Parler de radicalisation de la laïcité est scandaleux
par Laurent Herblay
samedi 30 décembre 2017
« Vigilant » face au risque de « radicalisation de la laïcité » : voici ce qu’a confié Macron aux différents représentants du culte quelques jours avant Noël. Des propos révoltants, d’abord par le parallèle totalement effarant induit par l’utilisation du terme radicalisation, mais aussi par la vision très anglo-saxonne et communautariste que cela revèle du locataire de l’Elysée.
Comparer ce qui n’est absolument pas comparable
Le terme de « radicalisation » n’est pas neutre dans le débat public. Il renvoie depuis quelques années aux personnes parties faire le djihad en Syrie, ou aux terroristes qui ensanglantent nos pays. La radicalisation décrit aujourd’hui un processus qui peut mener à des comportements criminels, même si cela n’est pas toujours le cas. Voilà pourquoi induire une comparaison entre des « radicaux laïcs » et les radicalisés dont nous parlons habituellement est absolument indigne. Combien de victimes des « radicaux laïcs » ? Faire le moindre parallèle entre les radicalisés islamistes et certains défenseurs d’une vision laïque de notre société, quels qu’ils soient, est totalement abusif, pour ne pas dire plus.
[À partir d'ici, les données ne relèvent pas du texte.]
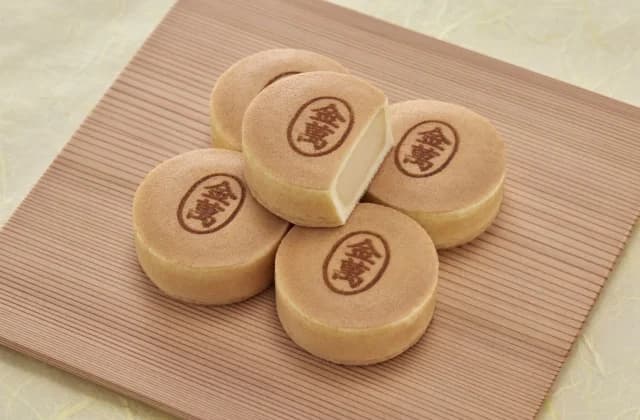 秋田銘菓金萬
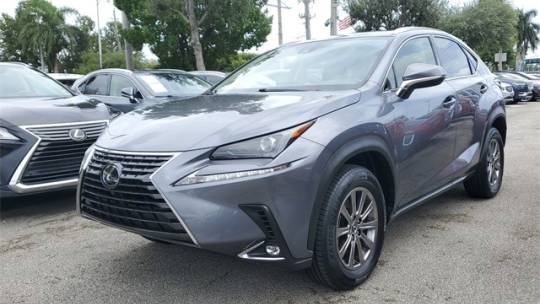 2021 Lexus NX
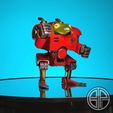 frogmech-gif-720.gif Robot Suit Frog Figure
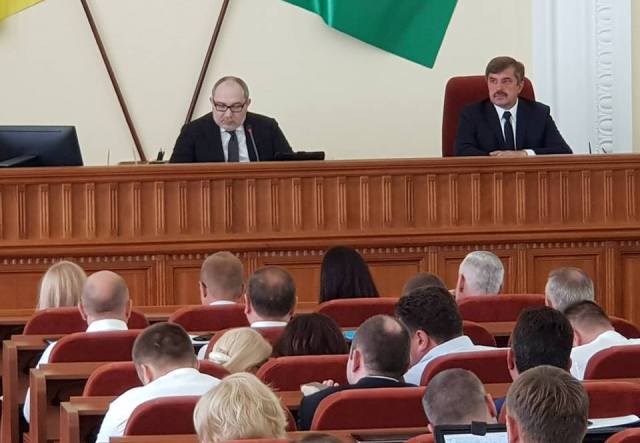 Кернес о выделении горсоветом дополнительных средств на инсулин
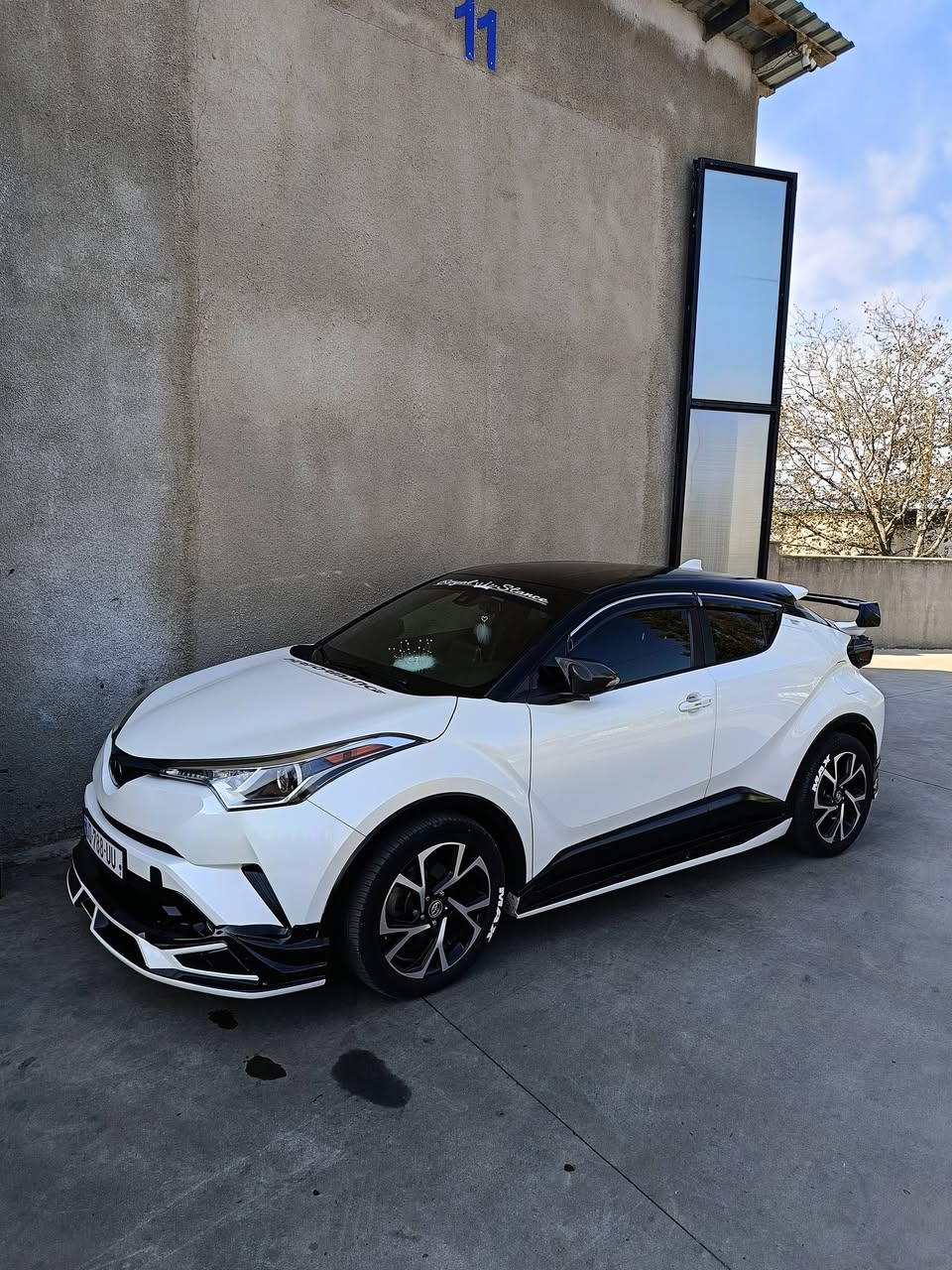 2019 წლის ავტომობილი 14,000 $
Les premiers tuent, les seconds parlent, dans le cadre de nos lois qui plus est. Comme Philippe Val, qui avait demandé à Mélenchon des exemples concrets pour illustrer cette « laïcité instrumentalisée pour faire la guerre aux musulmans », on cherche encore des faits concrets venus de défenseurs de la laïcité qui pourraient être qualifiés de « radicalisation ». Et je ne parle pas ici d’un propos que certains trouvent malheureux, qui ne saurait être être qualifié de « radicalisation », tant ce terme renvoie aujourd’hui au terrorisme islamiste. Les mots ont un sens, et le gloubi-boulga de certains met sur le même plan des choses qui ne devraient en aucun cas être comparées aujourd’hui.
Car aujourd’hui, la radicalisation, c’est celle des islamistes. S’attaquer à des laïcs « radicalisés » comme le font Macron et Mélenchon, non seulement, c’est se tromper de cible, mais c’est faire un parallèle révoltant mettant sur le même plan les assassins de Charlie ou du Bataclan avec des personnes qui défendent des valeurs de manière parfaitement pacifique. Pourtant, il y a une différence de nature tellement fondamentale qu’elle devrait imposer un cloisonnement sémantique total. La question qui se pose derrière ces choix effarants, c’est l’agenda idéologique de ceux qui les font : ne s’agit-il pas de personnes aux idées volontiers communautaristes et souvent très critiques à l’égard de la France ?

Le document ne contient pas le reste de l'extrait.